The Problem With How We Cite Materials Data

Most methods sections that reference Materials Project cite Jain et al. 2013 and stop. No database version. No property-specific methodology paper. No access date. A reviewer reading that citation cannot determine which release of the database was queried, which DFT methodology produced the values, or whether the data would still be retrievable today.

This is not a discipline problem. Each provider publishes different citation requirements on different pages, in different formats. AFLOW’s citation guidance lives on its documentation page. Materials Project’s lives on a legacy URL. OQMD and JARVIS-DFT list theirs elsewhere. No standard exists, and journal guidelines have not caught up.

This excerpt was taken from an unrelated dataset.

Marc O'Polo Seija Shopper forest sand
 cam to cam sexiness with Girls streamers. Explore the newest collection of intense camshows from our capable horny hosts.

Alloybase records source attribution on every row you add to a dataset: provider name, OPTIMADE ID, query text, fetch timestamp, and source URL. When you export, the citation metadata comes with it. Free at alloybase.app.

What Does a Complete Materials Data Citation Include?

Six elements. Most published methods sections include the first one only.

  • Foundational database paper. The paper that describes the database itself (e.g., Jain et al. 2013 for Materials Project).

  • Property-specific methodology paper(s). The paper describing how that specific property was computed. Elastic constants, formation enthalpies, and piezoelectric tensors each have separate methodology papers.

  • Database version or release identifier. Materials Project, AFLOW, and OQMD all update their computed values over time. Without a version, your citation points at a moving target.

  • Access date. When you actually retrieved the data.

  • Analysis software and version. If you used pymatgen, ASE, or another tool to retrieve or post-process the data, cite it separately.

  • Access method. Direct API, OPTIMADE federation, or a client tool. This matters for reproducibility: the same query can return different results depending on the API version and endpoint.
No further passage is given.